Electrons in a higher orbital are at a lower energy.
This is easily identified by the trend in ionization energy by periods. If we look at the noble gases of the first 3 periods (first 3 rows), the ionization energy, or energy required to remove an electron from the valence shell, decreases. For instance, Helium has a higher ionization energy than Neon, which has a higher ionization energy than Argon. This is because the valence shell of Helium is n=1 (1s^2), Neon n=2 (2p^6), Argon n=3 (3p^6). So we can see that the energy "holding" the electron is lower in each orbital, because it requires less energy to remove it.

We can also readily see this with the radius of each orbital being further from the nucleus. Further away means less energy to hold those electrons in orbit.

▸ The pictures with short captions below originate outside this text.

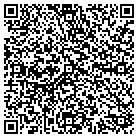 QR code with Twins Apartment Motel contacts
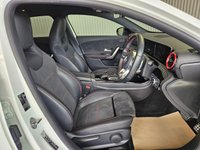 USED 2020 20 MERCEDES-BENZ A CLASS 1.3 A200 AMG Line Hatchback 5dr Petrol 7G-DCT Euro 6 (s/s) (163 ps) 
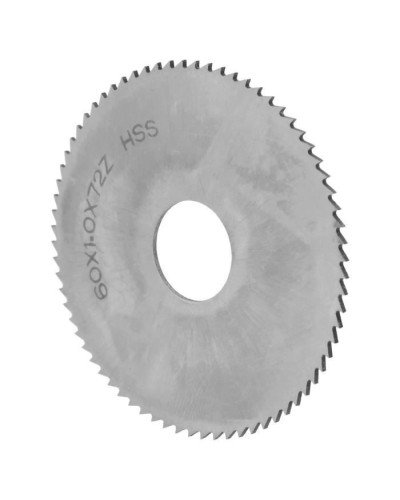 Coupe bague, lame circulaire Coupe bague, lame circulaire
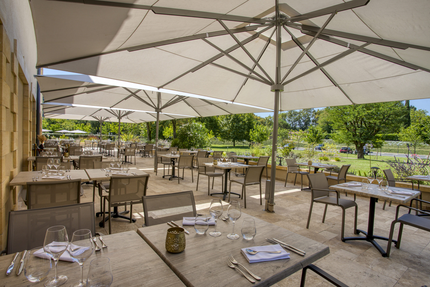 L'atelier du Périgord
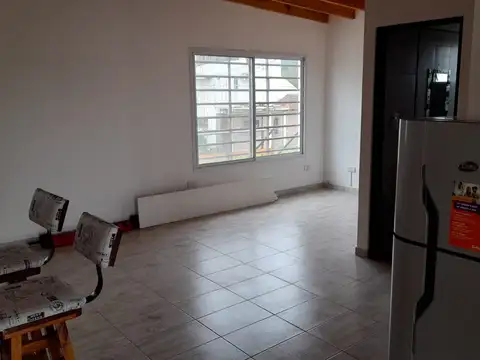 Campo Municipal De Golf 2200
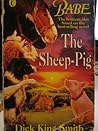 Babe: The Sheep Pig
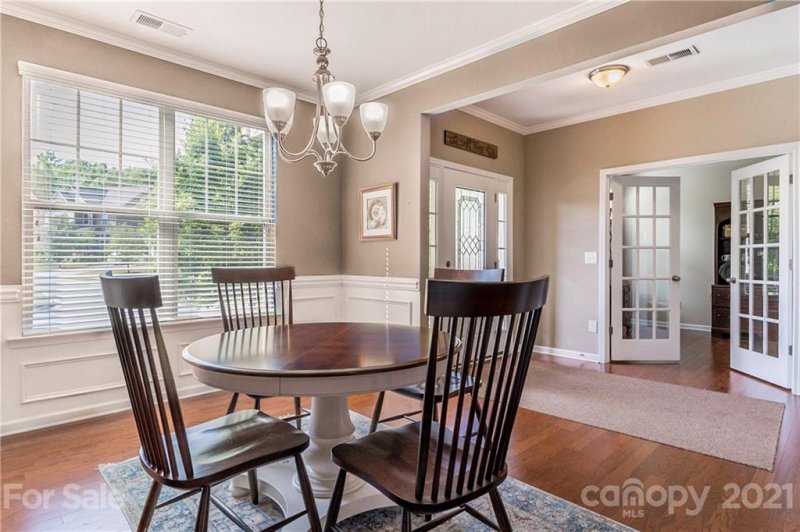 Property image 5 at 1046 Currituck Way, York, SC 29745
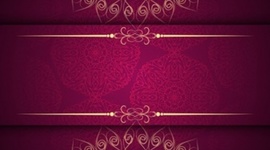 Timeline: Administración publica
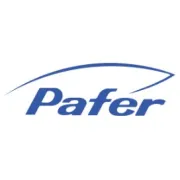 科技创新促进环保产业共生繁荣|牡丹联友亮相第20届中国环博会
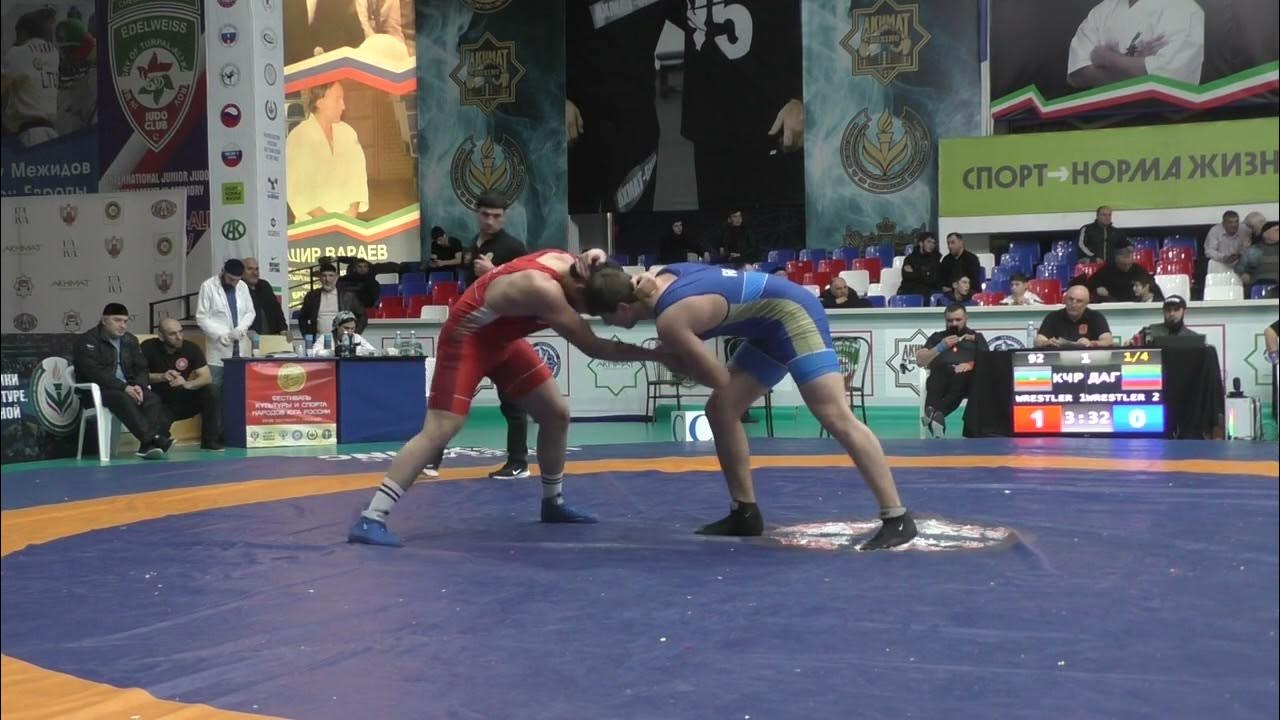 Кордюкова елена федоровна. Шамиль атабиев. Анзор ажиев братья. Елена кузьминова кчр. Тамерлан коцоев борьба.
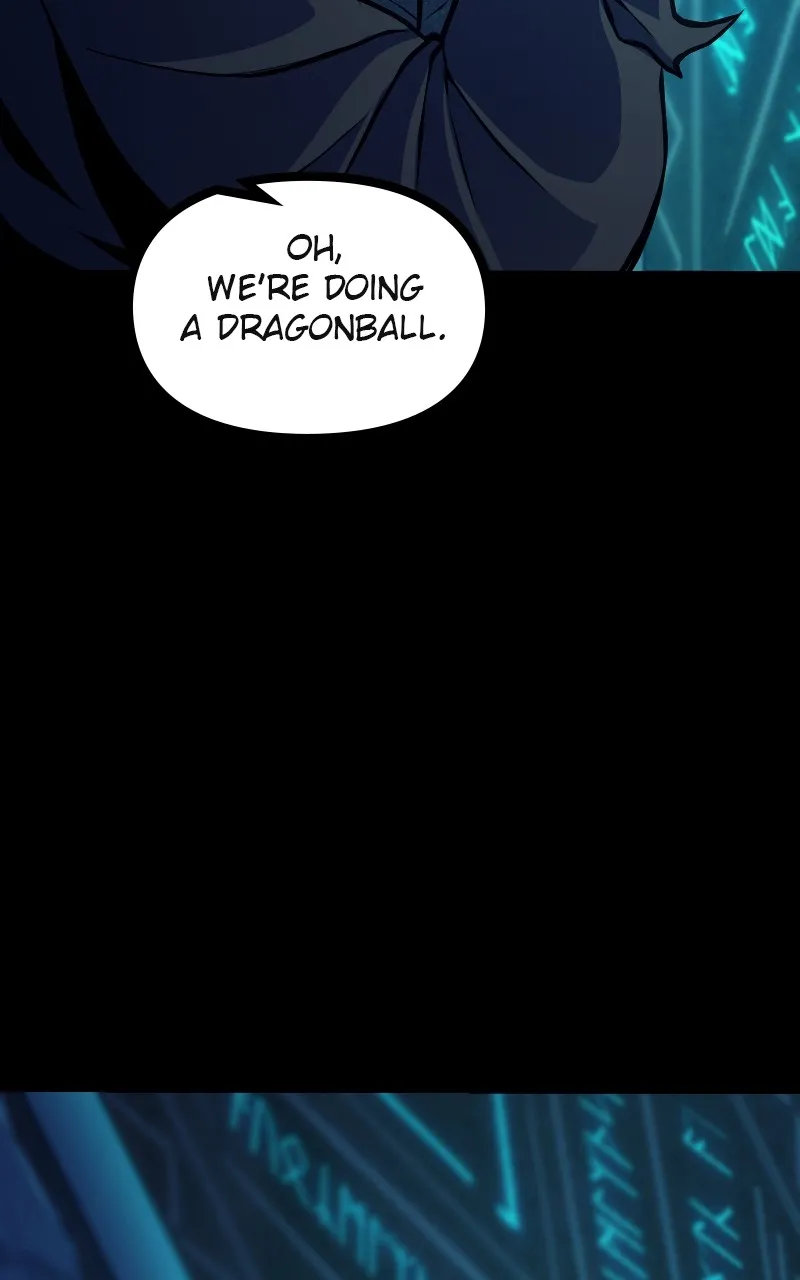 The Primal Hunter Chapter 65 page 85 - 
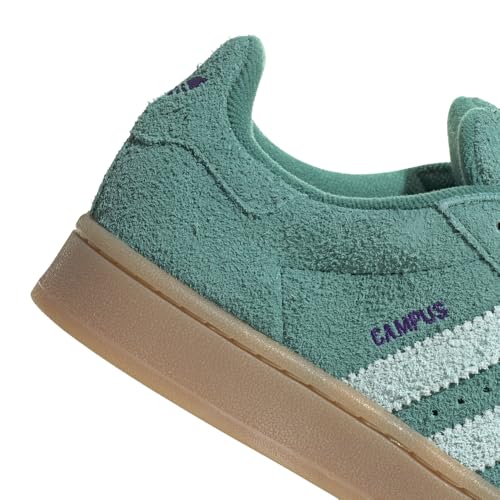 Image of adidas Women's Campus 00s Sneakers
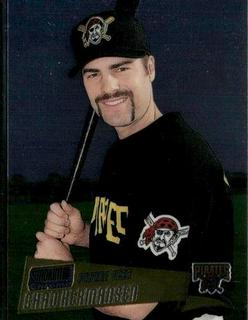 Chad Hermansen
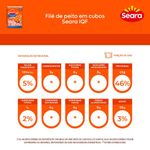 FILE-FGO-IQF-SEARA-1K-SOLTINH-CUBOS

When you reference photosynthesis, we are talking not about different orbitals, but excited vs ground state. We say that an atom that absorbs a photon enters an "excited state" of higher energy than the "ground state". This is like going from the 2s^2 orbital to the 2p^1 orbital. But we are still in the same n=2 orbital.

Hope this helps.

 

[monkeyvokes]

IDK why you plagarized a quote from another forums, .

quote was from the website i linked in my previous reply.
and yeah i see that i had accidentally typed the information backwards, my mistake

 

[dhb10]

1

 

[dhb10]

Hey, thanks a lot for your help. This makes tons of sense!